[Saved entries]
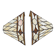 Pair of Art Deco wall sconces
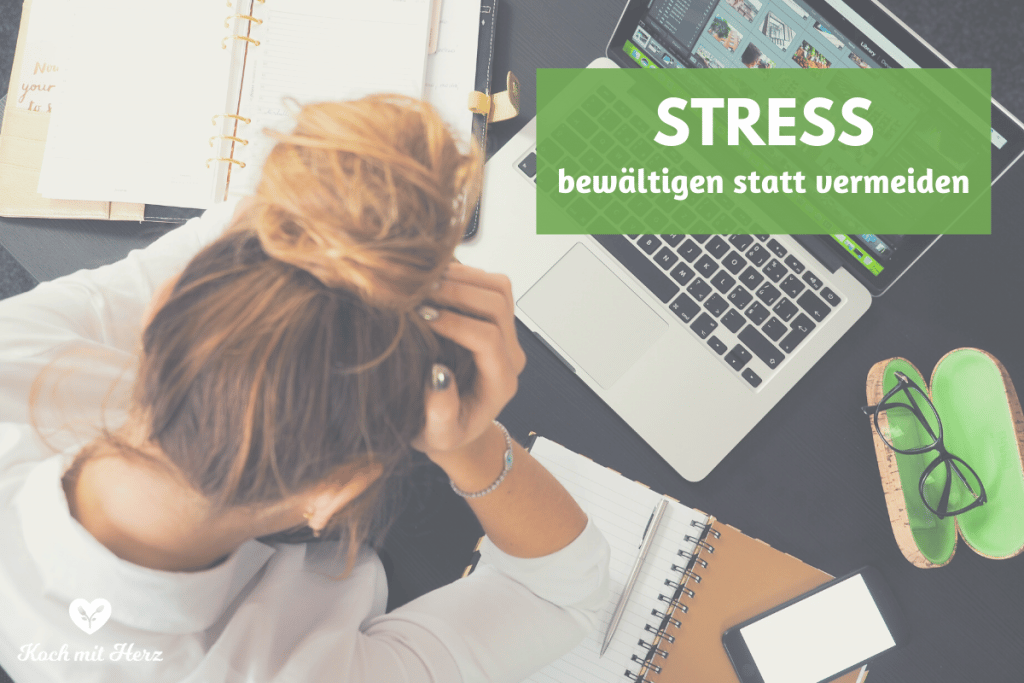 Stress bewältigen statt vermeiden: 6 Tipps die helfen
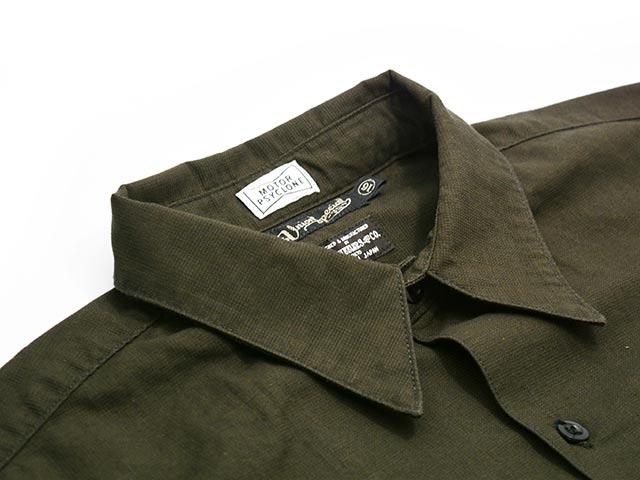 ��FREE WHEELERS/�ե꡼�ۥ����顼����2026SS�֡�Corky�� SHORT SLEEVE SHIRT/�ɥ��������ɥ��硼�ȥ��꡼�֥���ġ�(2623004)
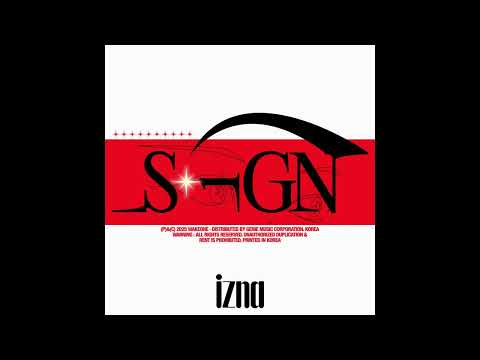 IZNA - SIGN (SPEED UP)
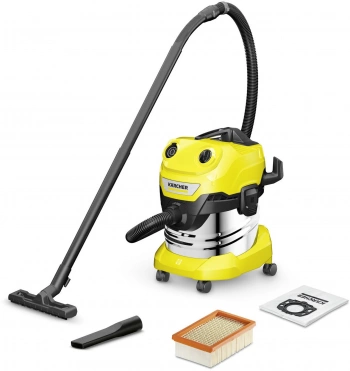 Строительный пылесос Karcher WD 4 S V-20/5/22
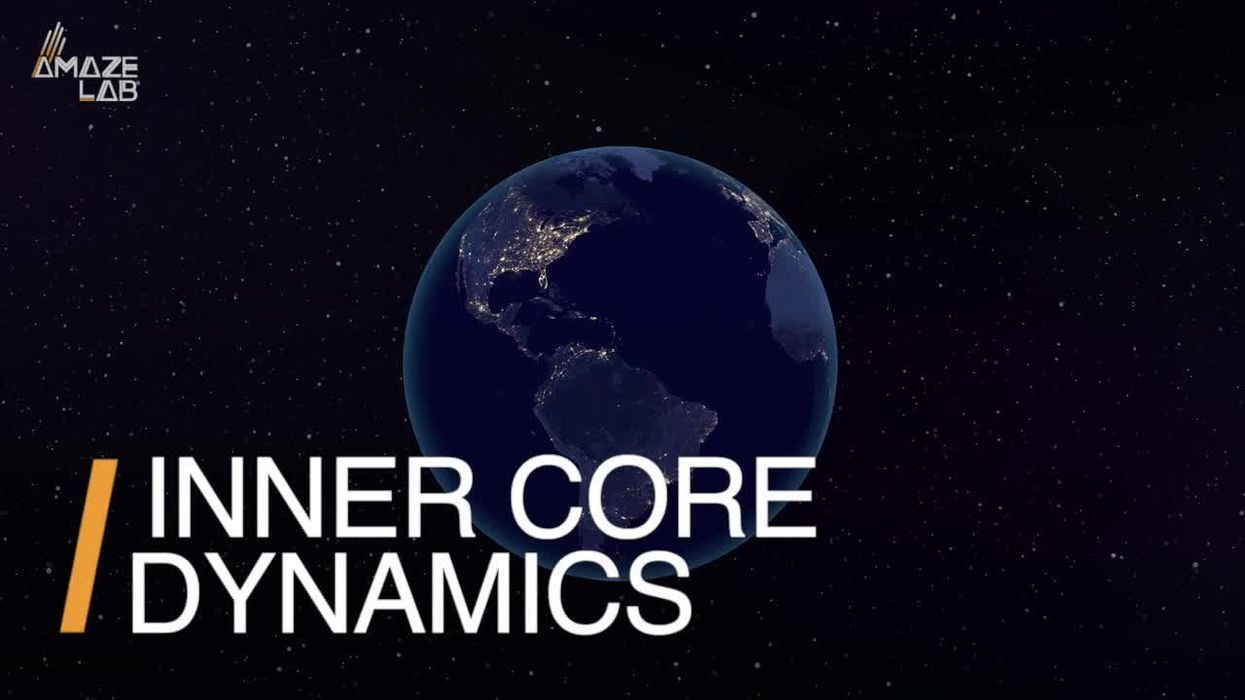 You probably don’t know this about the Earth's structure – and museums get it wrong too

• What needs to be done:
Pictures are not part of the copy. Extract exactly the lines from the line containing "SHORT SLEEVE SHIRT/�ɥ��������ɥ��硼�ȥ��꡼�֥���ġ�(2623004)" through the final line of the entries above, both included.

• Final answer:
 ��FREE WHEELERS/�ե꡼�ۥ����顼����2026SS�֡�Corky�� SHORT SLEEVE SHIRT/�ɥ��������ɥ��硼�ȥ��꡼�֥���ġ�(2623004)
 IZNA - SIGN (SPEED UP)
 Строительный пылесос Karcher WD 4 S V-20/5/22
 You probably don’t know this about the Earth's structure – and museums get it wrong too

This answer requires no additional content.